テナワンでは、これまで多くのビルの空室対策や賃貸運営を行ってきました。

それぞれの問題を解決してきたビル再生の事例を「100の物語」としてこれから公開していきます。

不動産の価格の決まり方の変遷

一般的に不動産の値段は立地とスペック、グレード、広さで決まりますよね。
もっと言うと、長い間それで決まってきました。

この決まり方だと、古いものには基本価値がない(ハズ)です。

でも今起きている現象は、そんなことをまるで無視してボロなビルでも高い価値を持つようになってきています。中には一旦落ちまくった価格がV字回復している例すら。

場のチカラ

これ、キーワードは「場のチカラ」なんですが、それだけ言っても意味不明だと思うので、この現象を理解するためにちょっと不動産の値段の決まり方の変遷を振り返ってみましょう。

繰り返しになりますが、長いこと不動産の値段は立地とスペック、グレード、広さで決まっていました。

立地はどういう場所にあるか?駅に近いのか、人通りが多いのか、道路に面しているのかなど。スペックは建物が新しいか、設備が快適かなど。グレードは内装が豪華とか。広さは通常一坪当たりの単価、坪単価でやりとりされます。

いわゆる「相場の値段」というのは、分解すればそういう意味なワケです。今でも相場価格でやり取りされる不動産は多くあります。

これらは全部ハードに関することなので、基本的に変えようがありません。これまで不動産の価値はこの変えようのない要因でほぼ勝手に決まっていました。
なので、このリクツでは古くなった建物は建替えないと価値が上がらないとされます。

ここに、ある時(ファンドバブルのころ)収益還元価値という概念が出てきます。

「賃料÷利回り=不動産の価値」(ざっくり言ってます)

賃料が年1千万で、期待利回りが10%なら1億円じゃん、と。
(余談ですが、コメの石高で土地の価値を決めた太閤検地制度はこの考え方に近いですよね。超先進的!)
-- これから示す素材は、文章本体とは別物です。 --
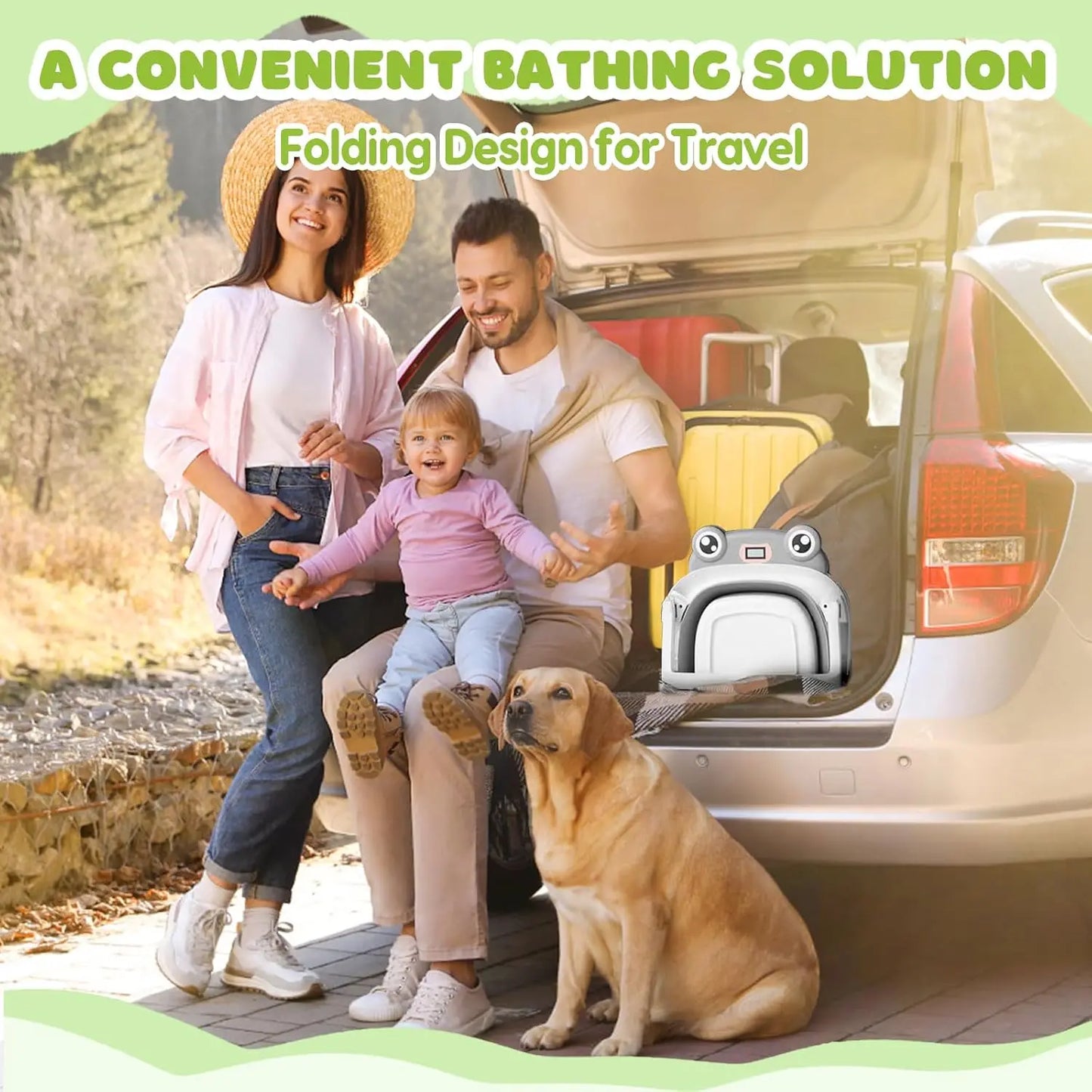 Foldable Baby Bathtub With Bath Cushion And Thermometer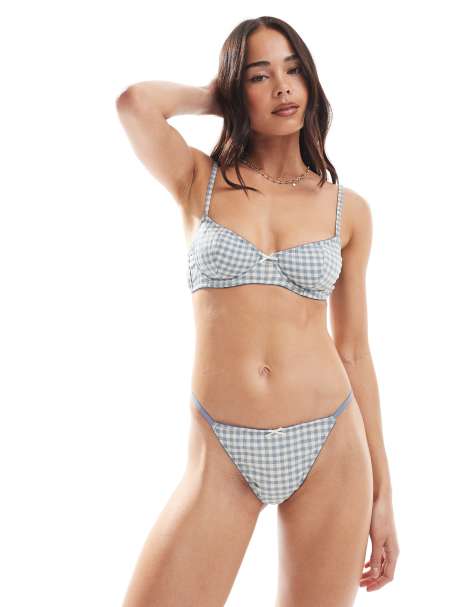 Cotton On thong in blue check - view 1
そうなると、賃料を上げれば不動産の価値も上がります。賃料を上げるために建物スペックやグレードに手を加えようという流れも起きました。外資ファンドが先行して「バリューアップ」工事をやりました。

もちろん建物の寿命も考慮しないといけないので、デジタルに収益還元で価格がハジけるモノでもありませんが、まあこれはこれで合理的な考え方です。

ただし、まだこれはハードに手を加える範囲を出ていませんでした。

ソフトによる差別化

これとは別の流れとして、ただの場所貸しではなくオペレーションを加えることで付加価値を上げる流れも出てきました。

サービスアパートやサービスオフィスは家具付、受付付きなど、サービスを充実させて賃料を高くとる形式です。

貸し会議室や、個人事業者向けの時間貸しスペースも、利用を時間単位にすることで高収益を狙っていますがこれもオペレーションが必要です。

他にも、会議室やリビングなどの共用部をシェアして、個室専用部分は必要最低限に抑えるシェアオフィス・ハウス、コワーキングスペースも、ある意味ではオペレーションで付加価値づけしているとも考えられます。

この辺りから単にハードだけの勝負からソフトによる差別化になっています。